◆ Exercise details ◆
All that belongs in the answer is the lines from the one containing "00969-KwiatyPolskie-Niemenczyn-fot-MarianDzwinel" to the end of the listing below, copied exactly, pictures excluded.

◆ Data for the task ◆
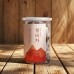 썸네일(스크롤)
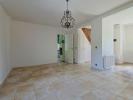 House BRIE-COMTE-ROBERT 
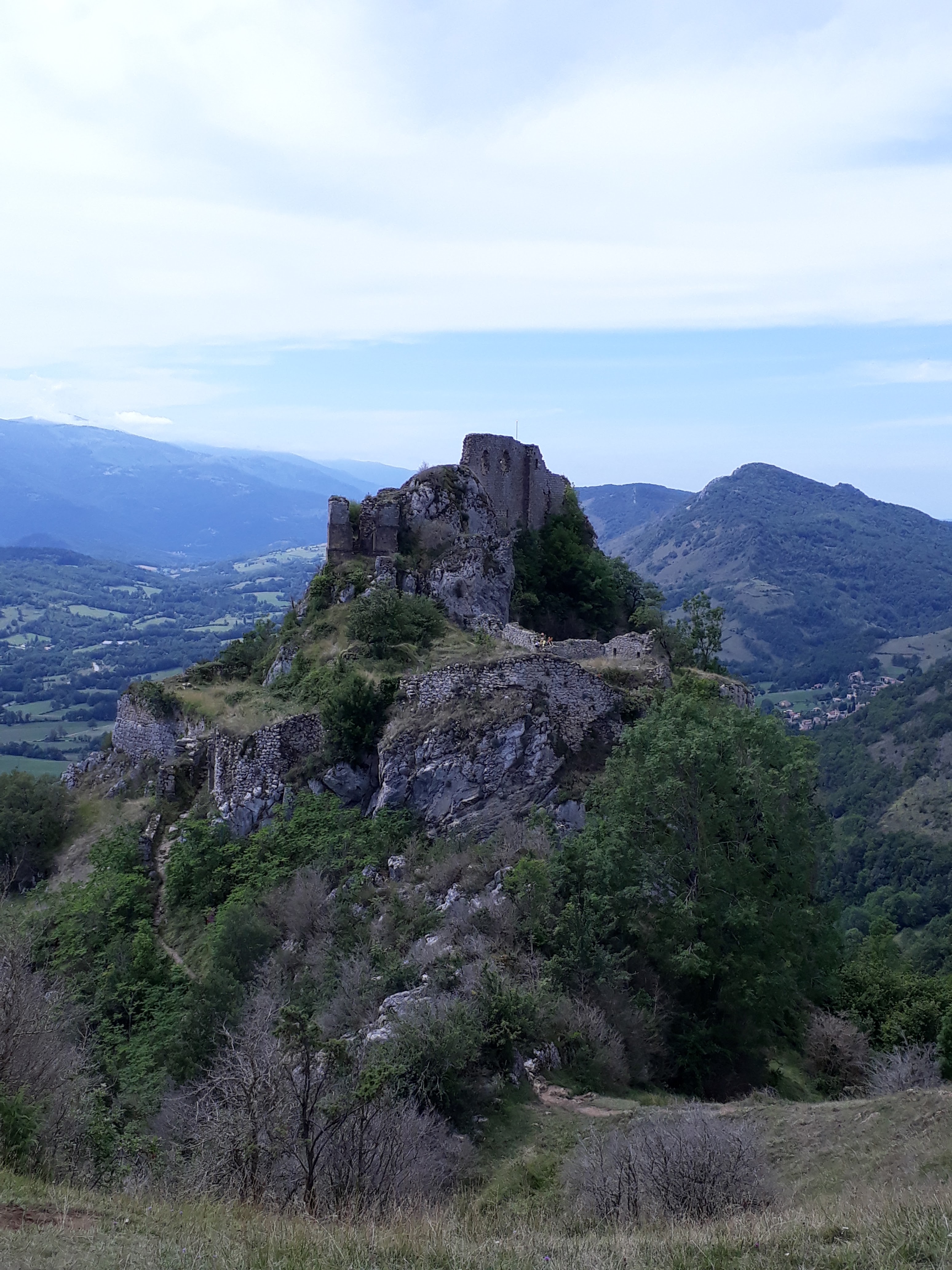 Photo n° 3 de l'avis de Elisabeth.o fait le 22/08/2019 à 16:30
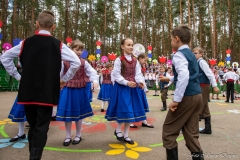 00969-KwiatyPolskie-Niemenczyn-fot-MarianDzwinel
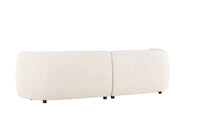 Sofa 3-seter Cielo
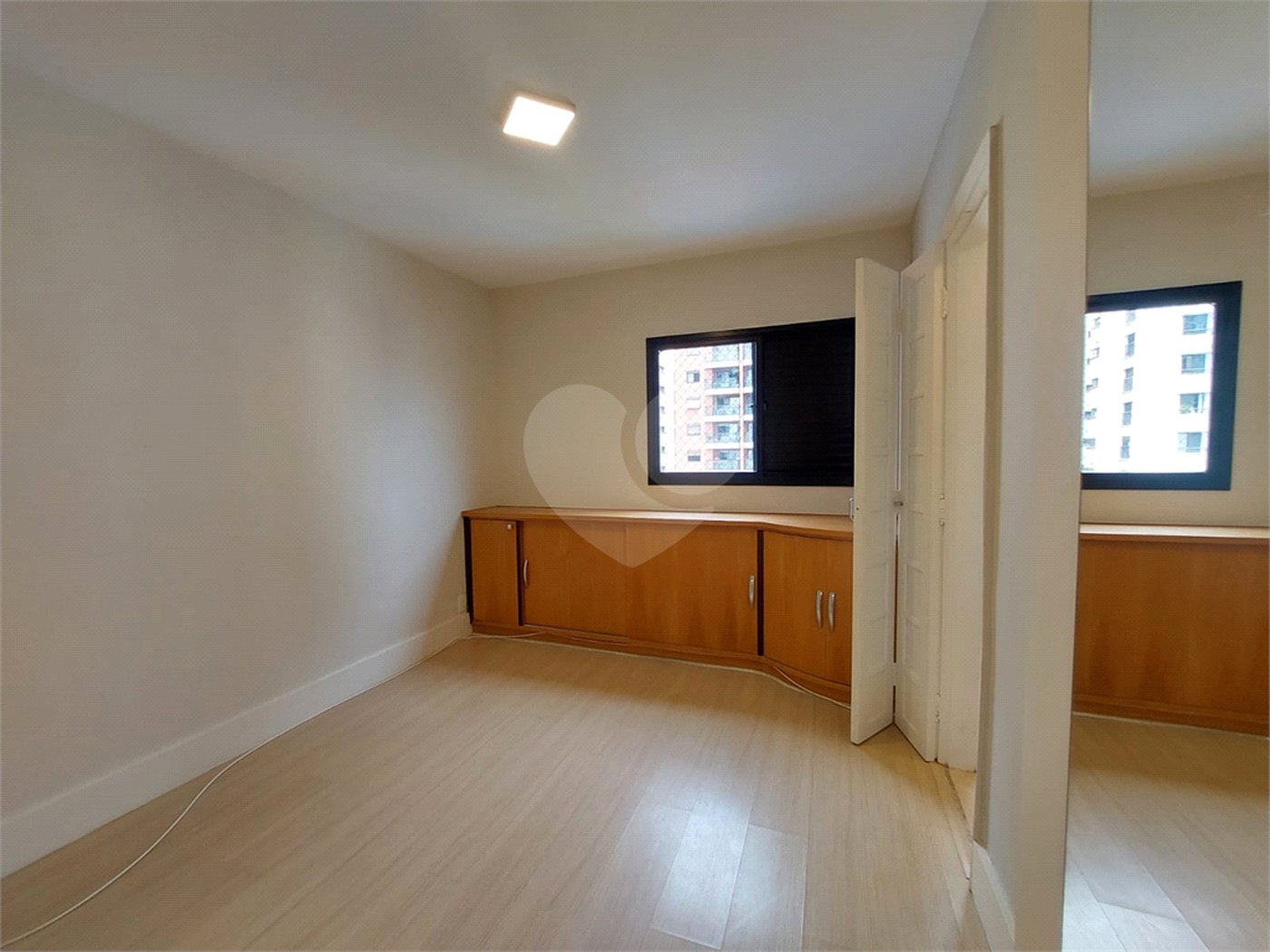 Apartamento para alugar com 4 quartos, sendo 1 suíte, em Vila Leopoldina, São Paulo, SP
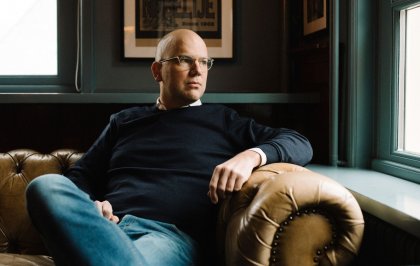Faillissementen in de horeca; nu gaat het hard!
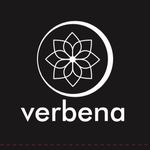 VERBENA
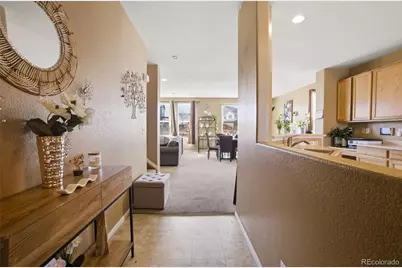 5573 Jasper Street, Denver, CO 80239 - Photo 3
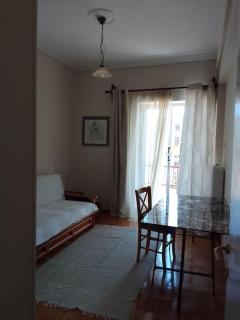 Nostos-Δωρεάν κλειστός χώρος στάθμευσης - Volos - 6
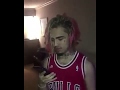 Lil Pump Makes A Song With Siri #LIT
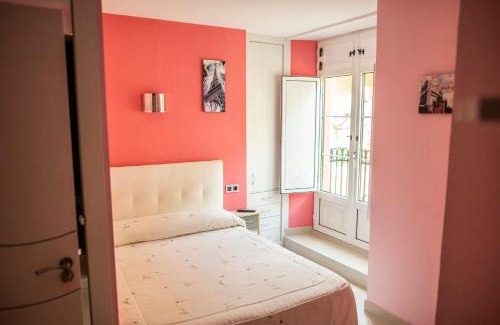 Carrion de los Condes House | Hostal La Corte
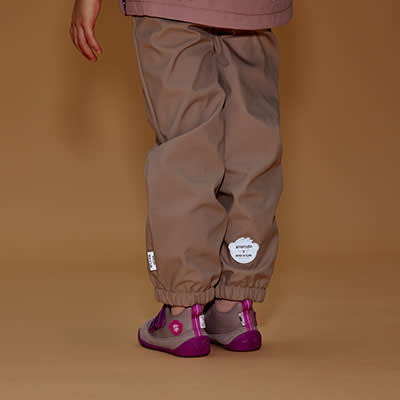 affenzahn-kleidung-ale-reflektierend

◆ Result of the task ◆
 00969-KwiatyPolskie-Niemenczyn-fot-MarianDzwinel
 Sofa 3-seter Cielo
 Apartamento para alugar com 4 quartos, sendo 1 suíte, em Vila Leopoldina, São Paulo, SP
Faillissementen in de horeca; nu gaat het hard!
 VERBENA
 5573 Jasper Street, Denver, CO 80239 - Photo 3
 Nostos-Δωρεάν κλειστός χώρος στάθμευσης - Volos - 6
 Lil Pump Makes A Song With Siri #LIT
 Carrion de los Condes House | Hostal La Corte
 affenzahn-kleidung-ale-reflektierend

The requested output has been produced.